My arrow syntax parses foo([] => 10, 20) as calling foo with one argument; a function with the body 10, 20 (where the comma operator means the 10 does nothing, and 20 is returned). I would probably want that to be changed, so that foo is called with two arguments; a lambda and an int.

This turns out to be fairly easy to fix, because Clang already has ways of dealing with expressions which can't include top-level commas. After all, there's precedence here; since clang parses foo(10, 20) without interpreting the , a top-level comma as a comma operator, we can use the same infrastructure for arrow lambdas.
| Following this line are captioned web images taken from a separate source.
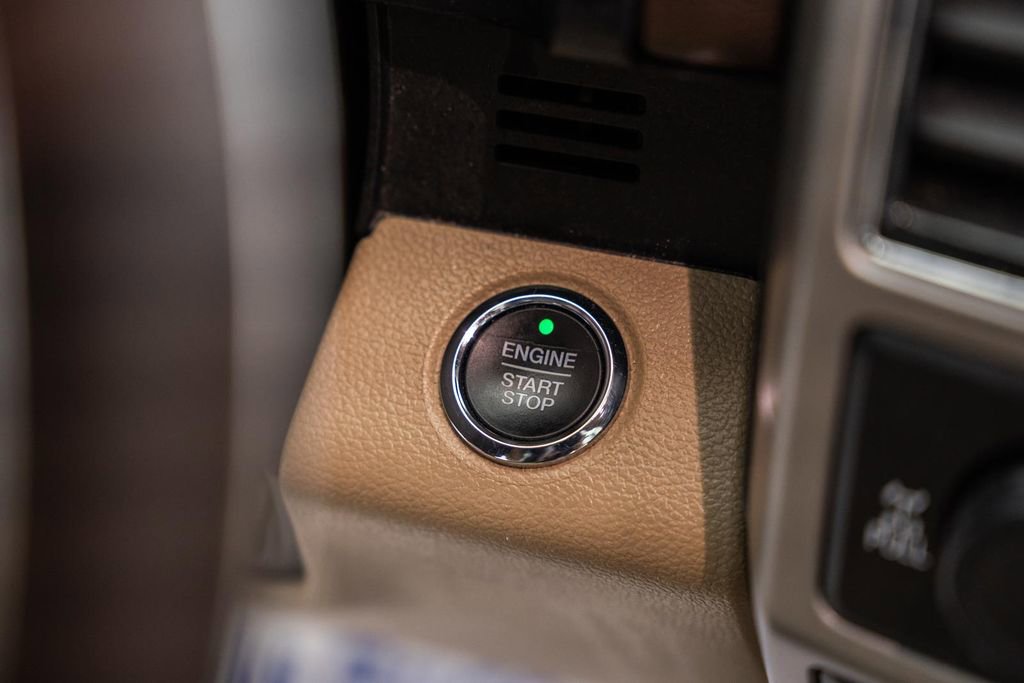 Used 2018 Ford F150 Lariat w/ Equipment Group 502A Luxury image 32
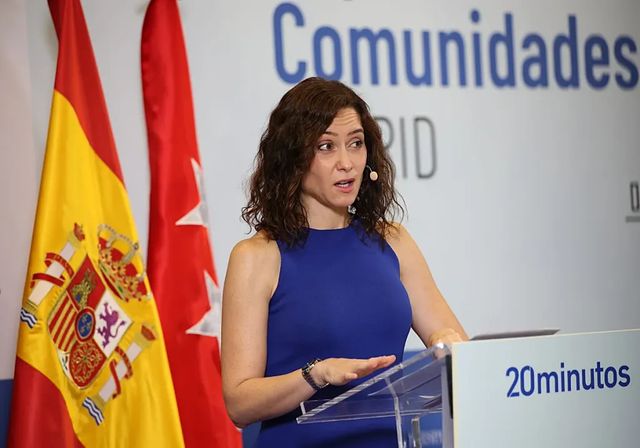 Ayuso cree que Feijóo tiene «más razón que un santo» con las bajas laborales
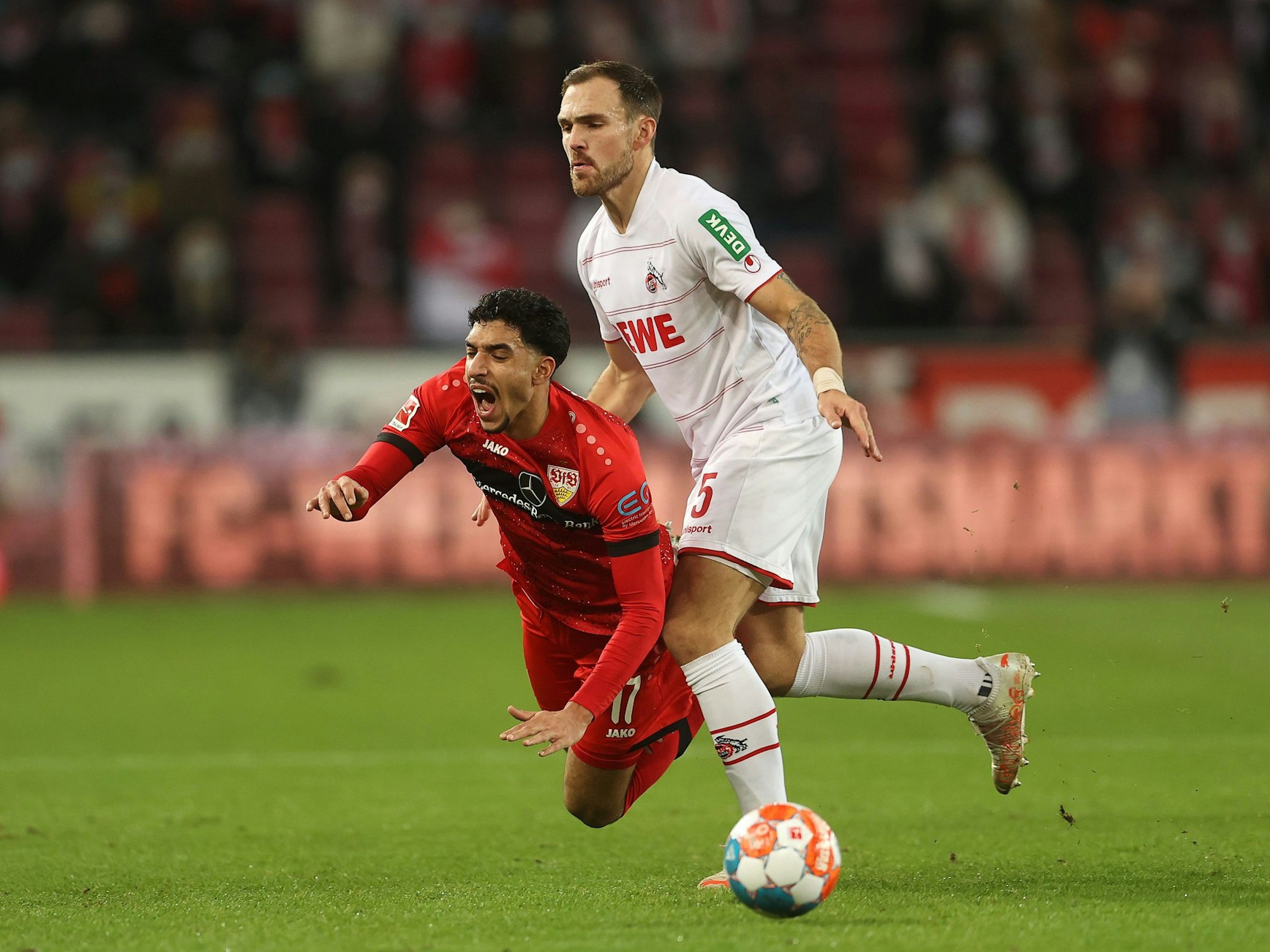 Zweikampf zwischen Rafael Czichos (1. FC Köln) und Omar Marmoush (VfB Stuttgart).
In clang/lib/Parser/ParseExpr.cpp, Clang defines a function ParseAssignmentExpression, which has this comment:

Parse an expr that doesn't include (top-level) commas.

Calling ParseAssignmentExpression is also the first thing the ParseExpression function does. It seems like it's just the general function for parsing an expression without a top-level comma operator, even though the name is somewhat misleading. This patch changes arrow lambdas to use ParseAssignmentExpression instead of ParseExpression: https://github.com/mortie/llvm/commit/c653318c0056d06a512dfce0799b66032edbed4c

How do immediately invoked lambdas work?

With C++11 lambdas, you can write an immediately invoked lambda in the obvious way; just do [] { return 10; }(), and that expression will return 10. With my arrow lambda syntax, it's not quite as obvious. Would [] => foo() be interpreted as immediately invoking the lambda [] => foo, or would it be interpreted as creating a lambda whose body is foo()?

In my opinion, the only sane way for arrow lambdas to work would be that [] => foo() creates a lambda with the body foo(), and that creating an immediately invoked lambda would require extra parens; ([] => foo())(). That's also how my implementation happens to work.

How does this interact with with explicit return types, specifiers, etc?

Since literally all the code before the arrow/opening brace is shared between arrow lambdas and C++11 lambdas, everything should work exactly the same. That means that all of these statements should work:

auto l1 = []() -> long => 10;
auto l2 = [foo]() mutable => foo++;
auto l3 = [](auto a, auto b) noexcept(noexcept(a + b)) => a + b;

And so would any other combination of captures, template params, params, specifiers, attributes, constraints, etc, except that the body has to be a single expression.